In a new study, mortality of Russian larch1 seedlings, due to a damaged root system, occurred not only in the first year but was still ongoing after two growing seasons. These results emphasise the importance of ensuring the quality of forest seedlings before planting.

The research paper was published in the Scandinavian Journal of Forest Research 26 April 2023, titled Root frost tolerance, seasonal variation in root growth, and field performance of one-year-old Russian larch seedlings with simulated root freezing damages. First author is Rakel J. Jonsdottir, PhD student at the Icelandic Agricultural University and scientist at the Icelandic Forest Service – Skógræktin, co-author Inger Sundheim Fløistad, Senior Research Scientist at NIBIO, Norway.

Planting healthy seedlings with optimal growth potential is essential for proper growth and survival in forest regeneration. Assessing the seedling quality prior to planting is therefore important. In this Icelandic study, effects of root damage induced with artificial freezing in young Russian larch seedlings were examined using the root growth capacity method (RGC).

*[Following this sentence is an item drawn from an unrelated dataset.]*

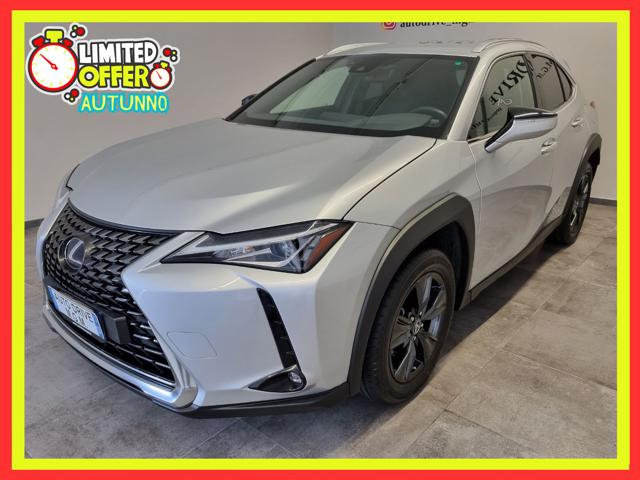 LEXUS UX 250h UX Hybrid Business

Frost tolerance of roots varied during the winter, and root growth in undamaged seedlings fluctuated, indicating seasonal variations in growth rhythm. The LT50 value for root frost tolerance was −13.9°C in late January, but already at −10.6°C (LT10) root damages were severe. After one growing season, shoot elongation was significantly lower in seedlings frozen to −9°C, −13.5°C, and −15.5°C by 23%, 54%, and 72%, respectively, compared with undamaged seedlings. Control seedlings and seedlings frozen to −9°C achieved 100% survival after the first growing season. Survival in seedlings frozen to −13.5°C and −15.5°C was 85% and 27%, respectively. After the second growing season, survival decreased in all frost-damaged seedlings.

The ongoing mortality of Russian larch seedlings in the study demonstrates the long-lasting effects of planting seedlings with damaged root systems. The fluctuation in root frost tolerance of young Russian larch seedlings during winter emphasises the need for care when seedlings are moved to outdoor storage.